We've all grown up. You're not going to be a kid forever. You let some of that kid stuff back in the day go.
In the Heisman, I'm actually pulling for the best athlete. I have a lot of respect for Manti (Te'o, Notre Dame linebacker). A lot of it has to do with the way the trophy's presented. Strength and character, what that particular player means to that team, how that team responds to that athlete.
At the end of the day, Johnny Manziel, he's the guy that should probably win that award, because I don't think Manti's the best defensive player in college football. I think there's better defensive players playing on other teams. He means a lot to the spirit of Notre Dame. Those considerations put him, rightfully so, second or third. You appreciate when a guy plays his heart out.

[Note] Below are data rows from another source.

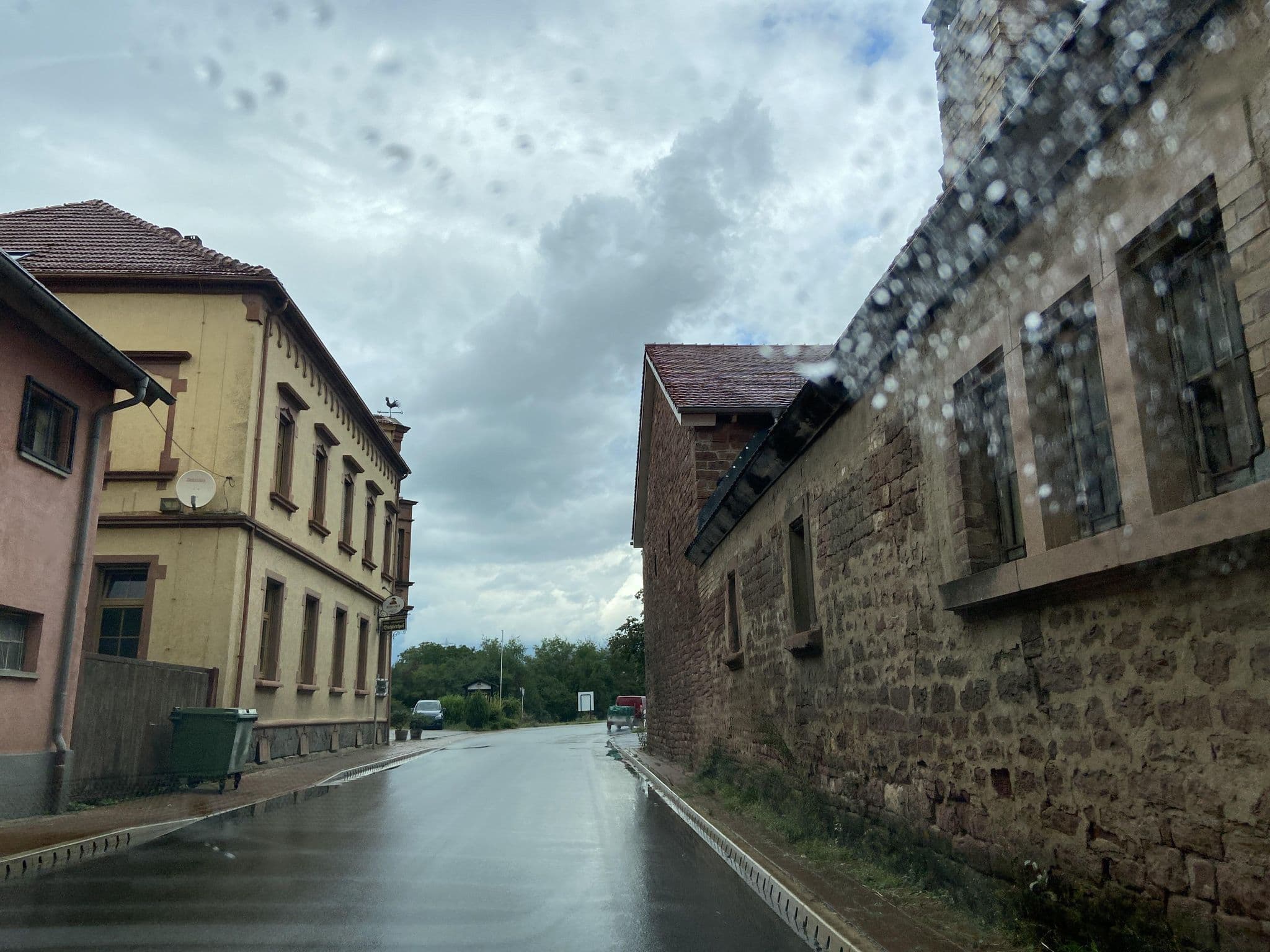 Street view near Bühler Hof GmbH, Heddesheim — © Eraoniel (CC BY-SA · Mapillary)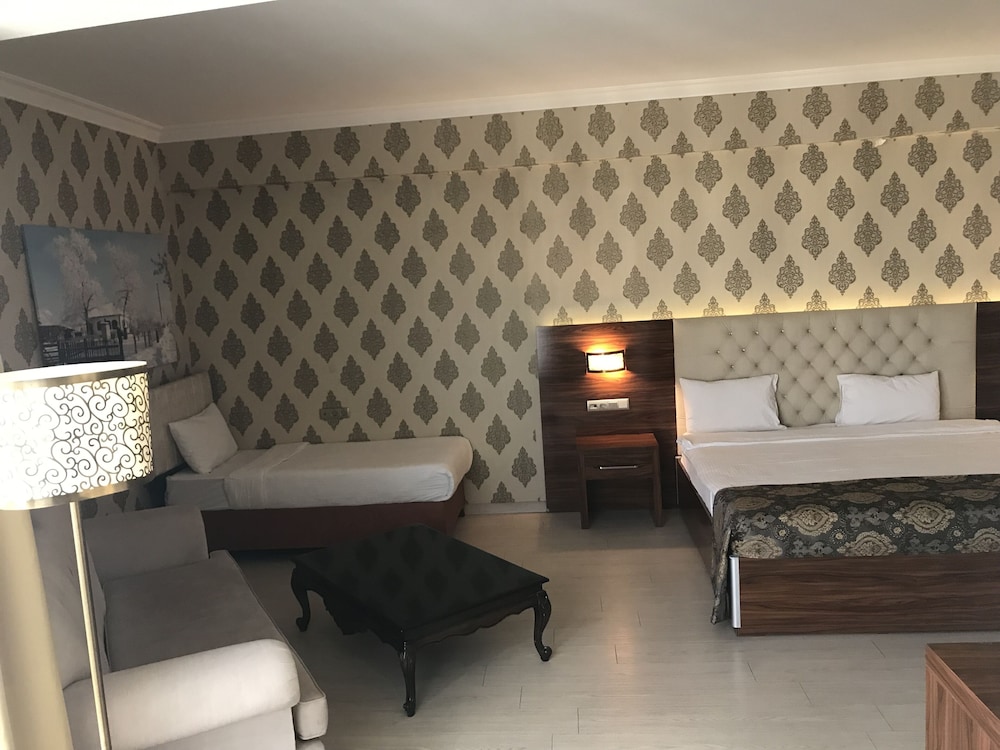 

Milano - Büyükçekmece - World Point Hotel Istanbul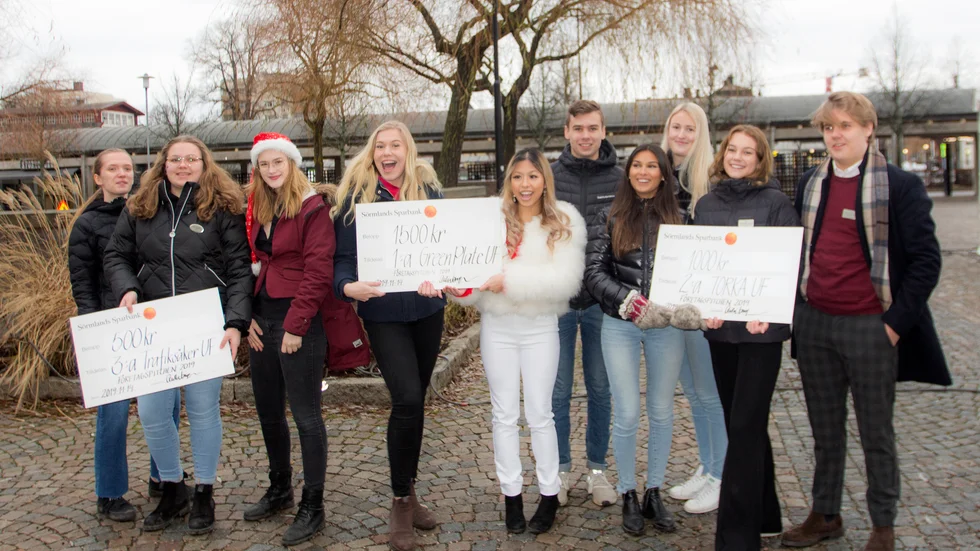 Jublande glada pristagare fick inleda årets UF-julmarknad. Tre företag prisades av Sörmlands sparbank för bästa företagspresentation.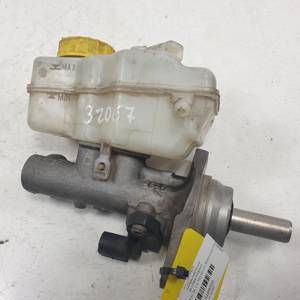 BOMBA FRENO 6R0611301A SEAT IBIZA (6P1) Autodesguaces Alicante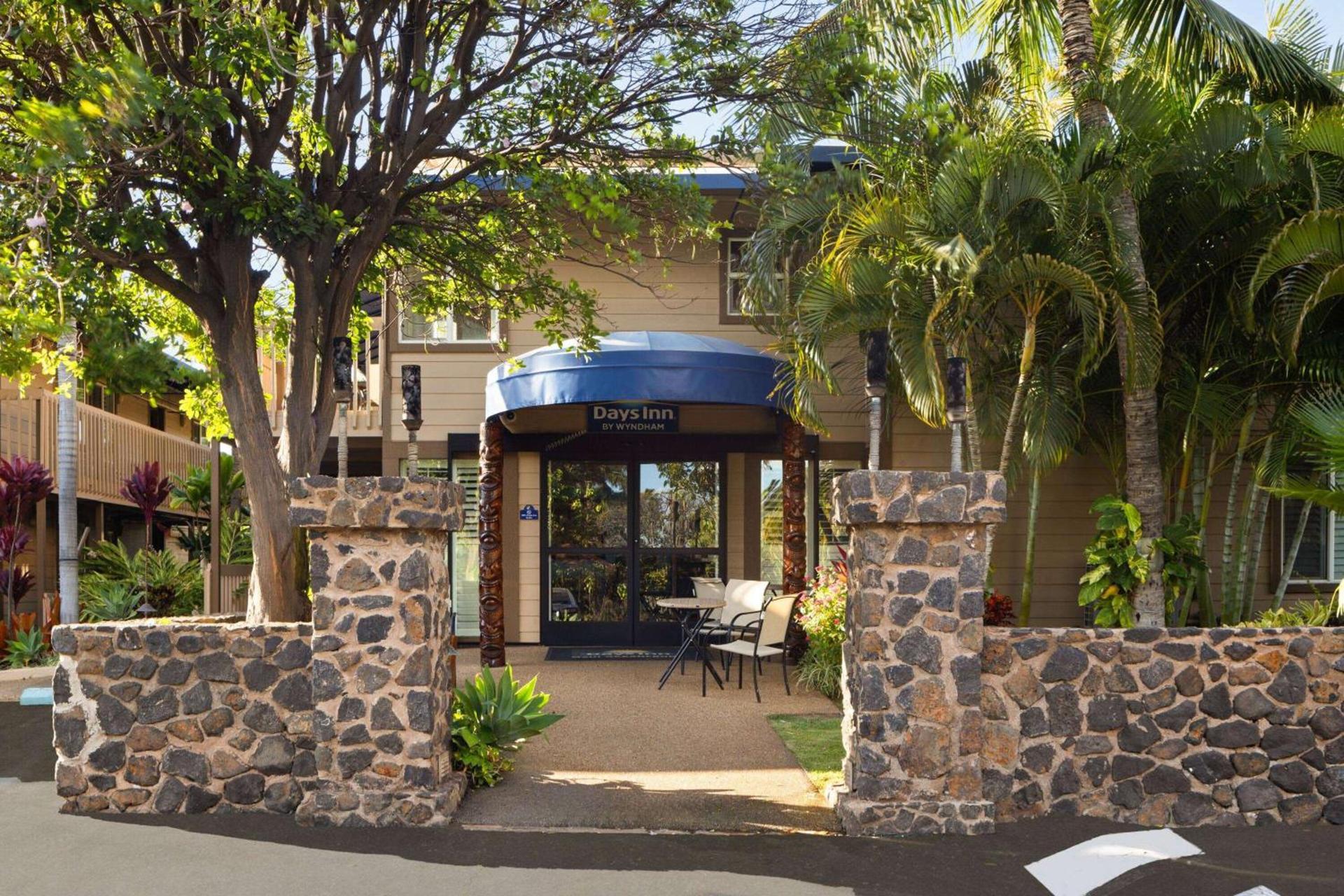 Days Inn by Wyndham Maui Oceanfront photo 2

The Heisman in years past has been about highlights. You gotta look at a single body of work for the entire 60 minutes. Every play has a beginning, middle and end. Some of the guys that win the Heisman aren't involved in the entire play.
The best players, they become a tougher player as the game wears on. His toughness trickles down to his teammates. He's counting on me, I'm not going to let him down. I think the defensive players get overlooked a lot. You don't see a lot of big plays that Notre Dame gave up, simply because they play good defense.
Manti looks like his foot's to the floor to the moment the ball is kicked. I'd rather take Manti's heart, soul, character, what he brings to the game and to his team. He affects the rest of his teammates to be better players.
Did I play that way? I certainly hope so. There's very few guys that play with the amount of passion, the refusal to get beat, the refusal to lose. If you're injured, it doesn't matter. I worked all week, I worked all season, to get to this moment to play. A lot of guys I played with, I hope they feel, bottom line, he's going to be out there every single play and he's going to kill himself to make every single play.
I think we all took on that mindset. Our motto back then was three and out. Everybody took a lot of pride in doing their job. If you didn't do your job, you saw it on the film the next day, you felt bad, but you almost felt humiliated because you let your buddies down. There's a sense of pride.
I also had a perfectionist for a coach. I hated a mistake. Gary Gibbs would grade on the littlest things. He would give you a negative for a false step. That false step could be the difference in the game. That's the mindset he's trying to teach you. I see kids today making the same mistake over and over and over. They forget where the fundamentals come from.
Everybody's diving at people. Shoulder tackling. That's one of the biggest problems we have with kids coming in. They're not being taught on the high school level.